Assignment: The following data has a line with "ET 432201 im" and a line with "Leopoldo Torres Agüero". Write out exactly those lines and all the lines between them.

Source information:
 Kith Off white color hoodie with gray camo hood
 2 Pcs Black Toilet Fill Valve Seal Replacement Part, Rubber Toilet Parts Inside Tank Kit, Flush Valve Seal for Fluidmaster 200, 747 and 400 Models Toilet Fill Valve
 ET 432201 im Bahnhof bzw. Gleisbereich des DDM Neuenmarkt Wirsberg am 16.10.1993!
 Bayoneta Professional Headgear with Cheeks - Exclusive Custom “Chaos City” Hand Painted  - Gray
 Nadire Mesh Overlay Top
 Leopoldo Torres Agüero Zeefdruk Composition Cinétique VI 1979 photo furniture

...

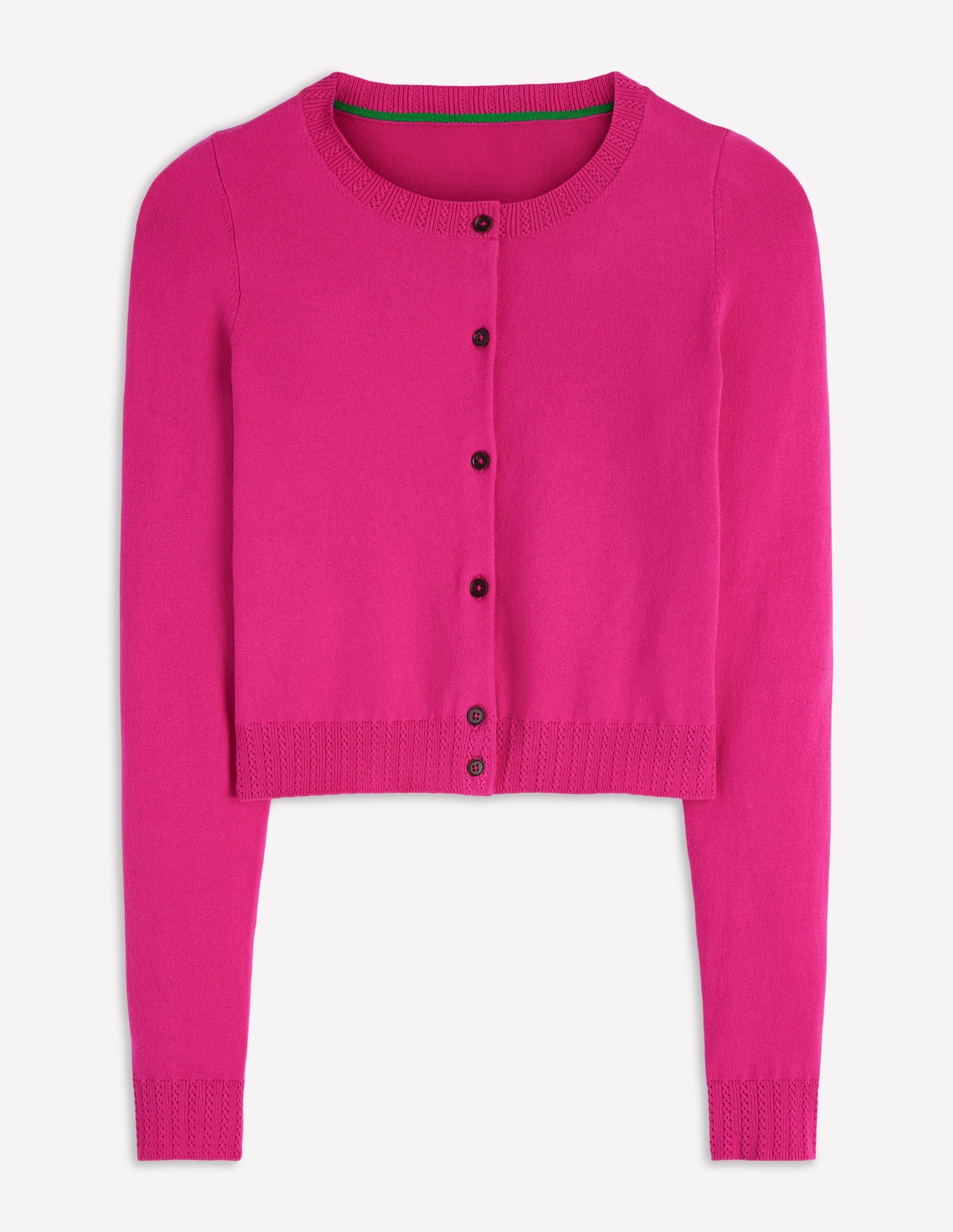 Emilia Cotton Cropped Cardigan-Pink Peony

Task output:
 ET 432201 im Bahnhof bzw. Gleisbereich des DDM Neuenmarkt Wirsberg am 16.10.1993!
 Bayoneta Professional Headgear with Cheeks - Exclusive Custom “Chaos City” Hand Painted  - Gray
 Nadire Mesh Overlay Top
 Leopoldo Torres Agüero Zeefdruk Composition Cinétique VI 1979 photo furniture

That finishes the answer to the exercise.